Although Powell’s successors as health secretary have been uninspiring, I have sympathy for them because, as he so eloquently explained, demand is infinite: ‘The vulgar assumption is that there is a definable amount of medical care “needed”, and if that “need” was met, no more would be demanded. This is absurd. Every advance in medical science creates new needs that did not exist until the means of meeting them came into existence.’ There will never be a time when the public and the health professions will agree that spending on health has reached an adequate level. The founders of the NHS naively believed that free health care would lead to a healthier populace, which would eventually lead to ever-decreasing demand for its services. Powell pointed out the error of this belief, and anticipated Ivan Illich, who later coined the phrase ‘Sisyphus syndrome’ to mean that the more health care given to a population, the greater their demand for care. The combinatio
n of technological change and rising expectation has driven ever-increasing spending on health care.
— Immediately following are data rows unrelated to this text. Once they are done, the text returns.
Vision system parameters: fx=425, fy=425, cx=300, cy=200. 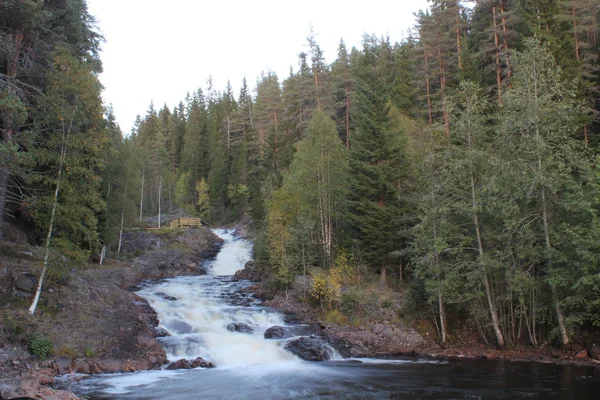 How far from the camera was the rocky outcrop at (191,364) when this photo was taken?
1752cm

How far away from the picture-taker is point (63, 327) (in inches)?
669

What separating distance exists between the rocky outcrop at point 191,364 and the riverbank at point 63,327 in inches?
22.4

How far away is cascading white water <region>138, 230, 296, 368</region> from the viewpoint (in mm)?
19359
The word ‘rationing’ has traditionally been banned by British health secretaries, but Powell argued that rationing was inevitable:
In brutal simplicity, it has to be rationed… The task is not made easier by the political convention that the existence of any rationing at all must be strenuously denied. The public are encouraged to believe that rationing in medical care was banished by the National Health Service, and that the very idea of rationing being applied to medical care is immoral and repugnant… The worst kind of rationing is that which is unacknowledged; for it is the essence of a good rationing system to be intelligible and consciously accepted.
How do we divide this limited sum equitably? Enoch Powell respected the British electorate, and did not attempt to delude or patronize them, but many of his political successors did. Beginning in the late 1980s with the Thatcher administration, successive Conservative and Labour governments have persuaded the users of the NHS that there is no rationing of health care, and that the service can be both free and run on consumerist principles of choice and service user satisfaction. From Kenneth Clarke, all health secretaries have advocated for greater patient choice. The moral philosopher Robin Downie has argued that consumerism in health care is incompatible with a publicly funded service. He pointed out that in a traditional consumer–seller interaction, the purchaser, having been given adequate information, bears the responsibility for the choice. But ‘this situation does not apply in medicine. In law it is the doctor who carries the responsibility. In other words, the locus of responsibility in the two contexts of consumerism and medical professionalism are incompatible.’